The cost of a first-class stamp if price rises by Royal Mail go ahead.

by Elizabeth Anderson
Last Updated: 09 Oct 2013
The price of a first class stamp could take its biggest leap yet, if a 5p price increase goes ahead. At the moment, the price is set at 41p but could rise to 46p in an attempt to boost Royal Mail’s (admittedly dwindling) revenue by £380m a year. The postal service, which loses 6.4p for each stamped letter it delivers, says it needs the cash to tackle falling profits and to maintain the universal service, which means it delivers to all 28m UK addresses for the same price.  

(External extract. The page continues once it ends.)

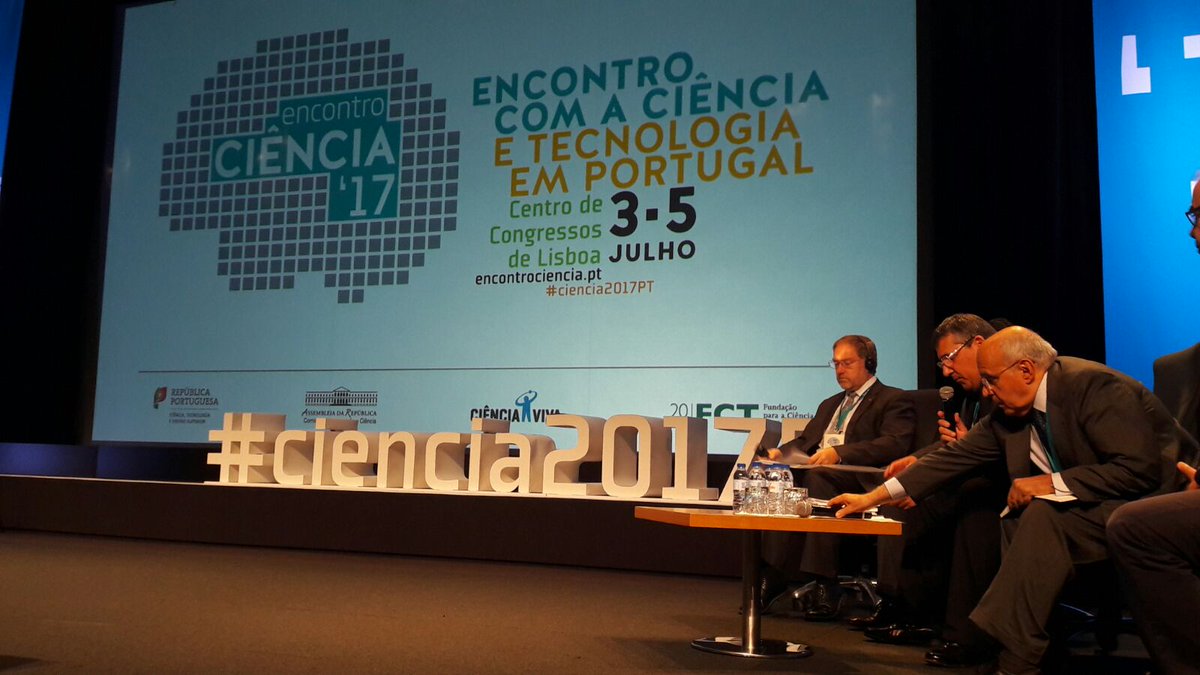 ukinportugal's tweet photo. FCO Chief Scientist @RobinWGrimes now speaking about #ScienceInDiplomacy at #ciencia2017pt. https://t.co/BHz6Zh9kxb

While an extra 5p isn’t likely to break your bank balance, the announcement’s controversial because it’s the largest price hike since the first class stamp was introduced in 1968 - although the biggest rise in percentage terms was in 1981. Britain’s postal regulator Postcomm has dealt a further blow by saying it’s removing the cap on how much Royal Mail can charge for heavier parcels.

It comes at a time when Britons are bracing themselves for inflated food prices, a rise in VAT and job cuts next year. Billy Hayes, general secretary of the Communication Workers' Union, cheerily adds that it’s a sign of things to come if the Royal Mail is privatised. ‘46p for a stamp will be nothing in comparison to what lies ahead.' So that’s some consolation, at least...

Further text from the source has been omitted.